The same kind of disruption that changed the tech is coming to television and films, warned panelists Thursday at paidContent Entertainment 2011. When the costs of producing content plummet at the same time demand for content has never been higher, a whole new class of entrants has a chance to make a splash.
But be careful, warned Mark Suster, partner at GRP Partners: “being too early is the same as being wrong.” Digital video technologies that aren’t quite ready for prime time can hurt a company’s brand and make it even easier for upstarts to find disgruntled customers.
Enter Exhibit A for how to rankle your customers: Netflix (NSDQ: NFLX). The panelists, who included Suster, Jason Deal of Initiative, William Quigley of Clearstone Venture Partners, filmmaker Jamie Patricof and Rick Allen of Snag Films (which announced two content deals earlier in the day at the conference) shook their collective heads at how Netflix bungled the goodwill they had earned over the years among both consumers and the entertainment industry in just a few short months.

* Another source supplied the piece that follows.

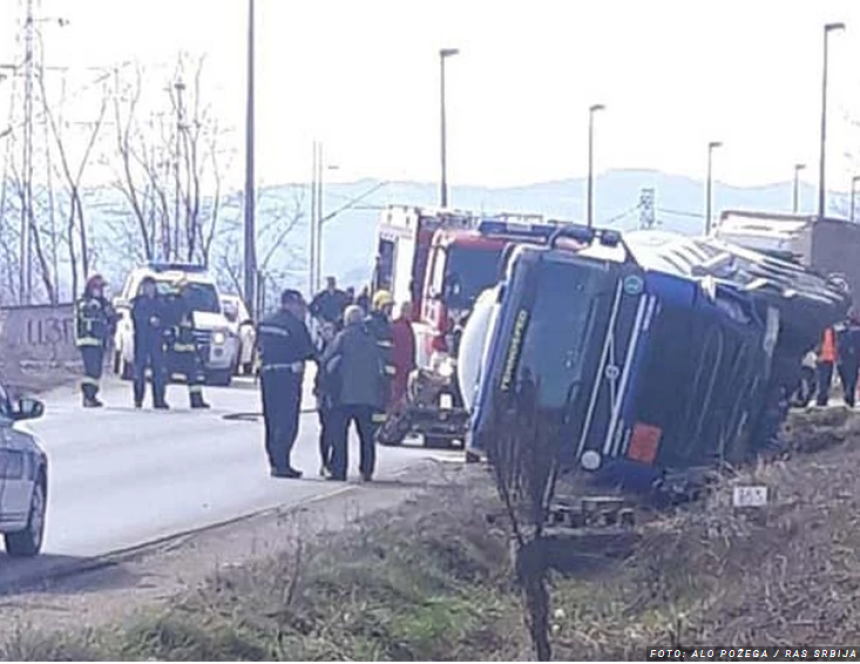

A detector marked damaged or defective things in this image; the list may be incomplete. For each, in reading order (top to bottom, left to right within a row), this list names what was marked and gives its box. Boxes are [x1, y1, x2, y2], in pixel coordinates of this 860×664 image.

crashed vehicle [460, 226, 848, 490]
overturned truck [460, 226, 848, 490] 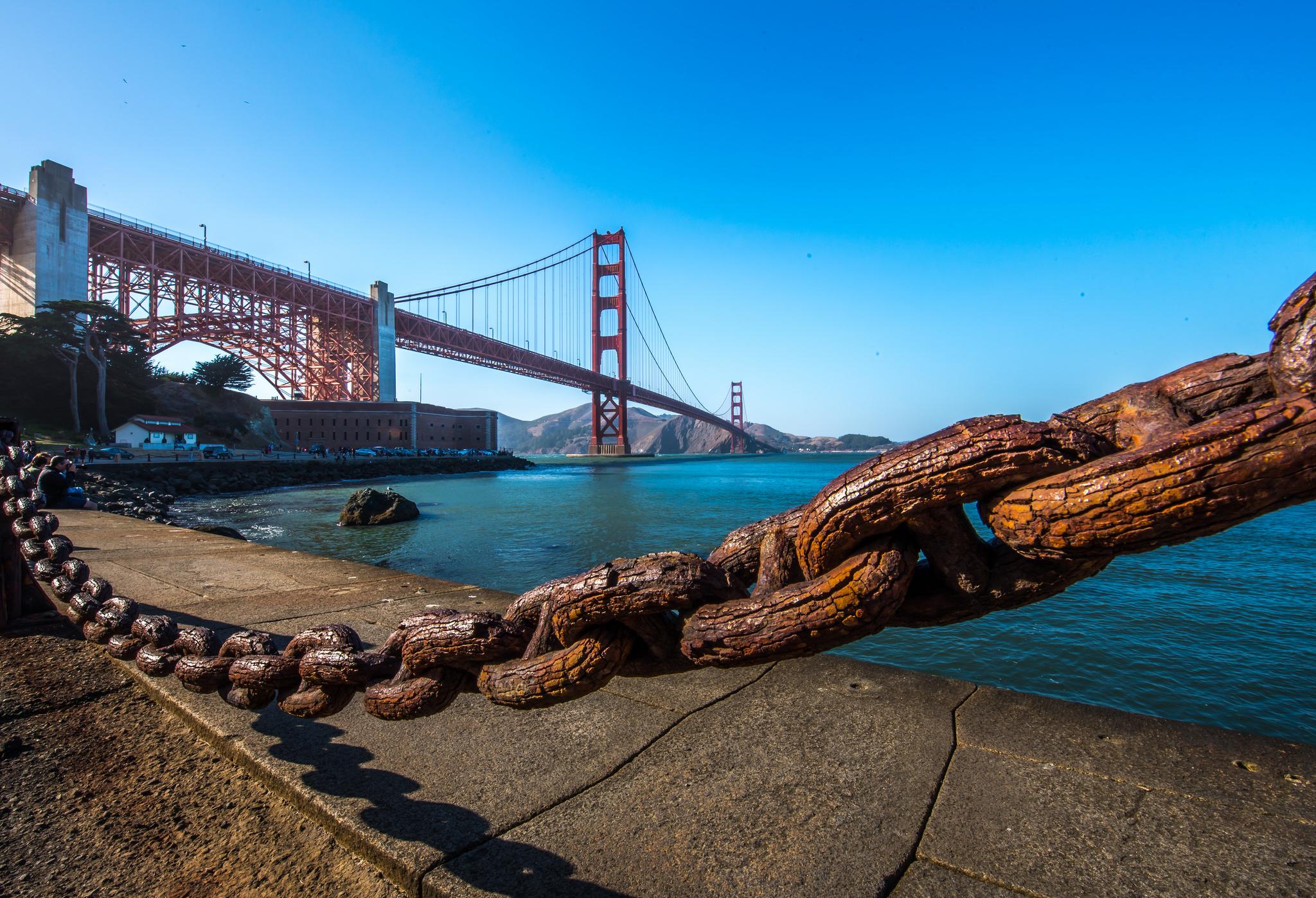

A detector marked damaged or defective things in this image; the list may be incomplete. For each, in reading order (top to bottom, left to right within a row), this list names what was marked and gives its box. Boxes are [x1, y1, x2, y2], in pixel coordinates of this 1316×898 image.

Because of the disruption in costs and the need for big brands to have quality content associated with their brands, in a way, content is once again expensive, Quigley said. Netflix didn’t realize exactly how dissatisfied customers were with its streaming-only offerings and overjudged how quickly people would be willing to give up DVD service without the same quality available from the streaming side.
And to top it all off, filmmakers like Patricof weren’t making all that much money from Netflix in the first place, he said.